OGH 10ObS399/02b

OGH10ObS399/02b14.1.2003

Der Oberste Gerichtshof hat als Revisionsgericht in Arbeits- und Sozialrechtssachen durch den Senatspräsidenten des Obersten Gerichtshofes Dr. Bauer als Vorsitzenden, die Hofräte des Obersten Gerichtshofes Dr. Fellinger und Dr. Neumayr sowie die fachkundigen Laienrichter Eveline Umgeher (aus dem Kreis der Arbeitgeber) und Thomas Albrecht (aus dem Kreis der Arbeitnehmer) als weitere Richter in der Sozialrechtssache der klagenden Partei Osman M*****, Schweißer, *****, vertreten durch Dr. Willibald Rath und andere, Rechtsanwälte in Graz, gegen die beklagte Partei Pensionsversicherungsanstalt, Friedrich Hillegeist-Straße 1, 1021 Wien, vor dem Obersten Gerichtshof nicht vertreten, wegen Invaliditätspension, infolge Revision der klagenden Partei gegen das Urteil des Oberlandesgerichts Graz als Berufungsgericht in Arbeits- und Sozialrechtssachen vom 18. September 2002, GZ 7 Rs 191/02s-22, womit infolge Berufung der klagenden Partei das Urteil des Landesgerichts für Zivilrechtssachen Graz als Arbeits- und Sozialgericht vom 14. Mai 2002, GZ 37 Cgs 266/01w-15, bestätigt wurde, in nichtöffentlicher Sitzung zu Recht erkannt:

 

Spruch:

Der Revision wird nicht Folge gegeben.

Die klagende Partei hat die Kosten des Revisionsverfahrens selbst zu tragen.

Text

Entscheidungsgründe:

Der am 2. 1. 1949 geborene Kläger hat in Slowenien den Beruf eines Schlossers erlernt und auch eine Ausbildung zum Schweißer erworben. Danach war er in Bosnien und ab 1991 in Österreich als Schweißer tätig. Der Kläger besitzt Schweißprüfungszeugnisse aus den Jahren 1993 und 1995, wonach er berechtigt ist, mit Sauerstoff-Acethylen-Flamme zu schweißen. Dabei handelt es sich um das Autogenschweißverfahren. Andere Schweißverfahren hat der Kläger nicht erlernt und auch nicht ausgeübt.

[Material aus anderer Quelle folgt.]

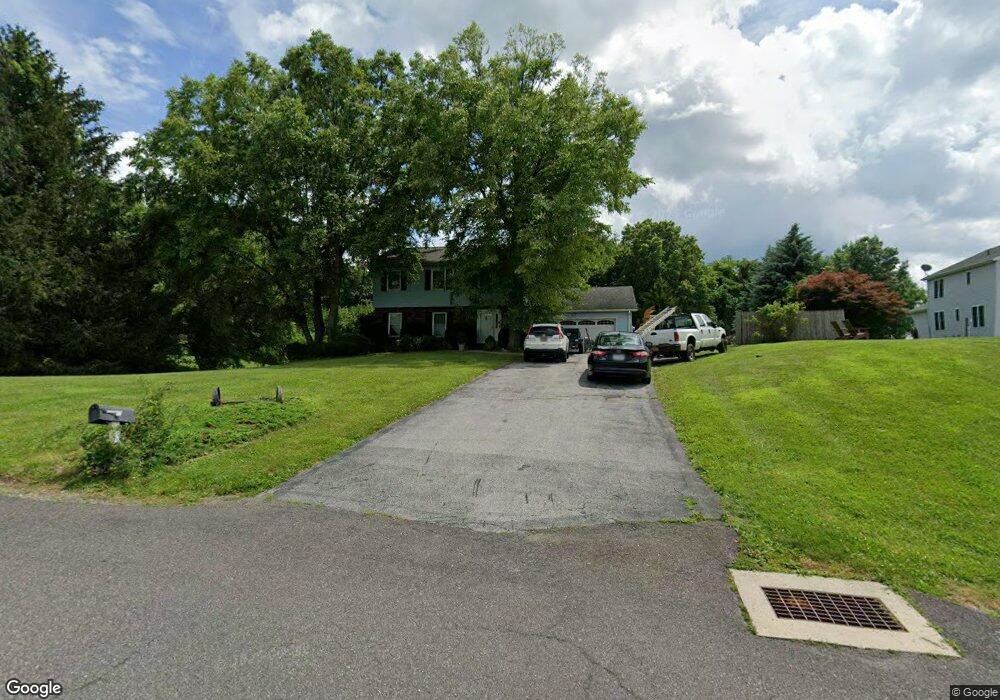 4 Kristi Ln, Poughkeepsie, NY 12601 - photo 1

Der Kläger ist noch in der Lage, ganztägig leichte und halbtägig mittelschwere Arbeiten für praktisch Einäugige zu verrichten. Räumliches Sehvermögen fehlt ihm. Ausgeschlossen sind Arbeiten in und aus gebückter Körperhaltung sowie in vorgeneigter stehender und sitzender Zwangsarbeitshaltung; diese Haltungen müssen bei gerechter Verteilung auf ein Viertel eines Arbeitstages beschränkt werden. Arbeiten in kniender und hockender Körperhaltung sind auf ein Viertel zu reduzieren. Ständiges Stiegensteigen ist zu vermeiden. Überkopfarbeiten sind um die Hälfte eines Arbeitstages zu verkürzen und gleichmäßig auf diesen zu verteilen. Arbeiten an exponierten Stellen scheiden ebenso aus wie Akkord-, Fließband- und Nachtarbeiten. Ein forciertes Arbeitstempo ist halbtägig möglich. Das Lenken eines Kraftfahrzeugs zu Berufszwecken ist nicht möglich. Anweisbarkeit und Anlernbarkeit sind gegeben. Es besteht auch Schulbarkeit im Rahmen des bisherigen Ausbildungs- und Tätigkeitsniveaus bis zur Dauer von drei Monaten.

Mit Bescheid vom 10. 9. 2001 lehnte die Pensionsversicherungsanstalt (der Arbeiter) den Antrag des Klägers vom 15. 6. 2001 auf Zuerkennung der Invaliditätspension mit der Begründung ab, dass dem Kläger kein Berufsschutz zukomme und er in der Lage sei, eine auf dem allgemeinen Arbeitsmarkt bewertete Tätigkeit auszuüben.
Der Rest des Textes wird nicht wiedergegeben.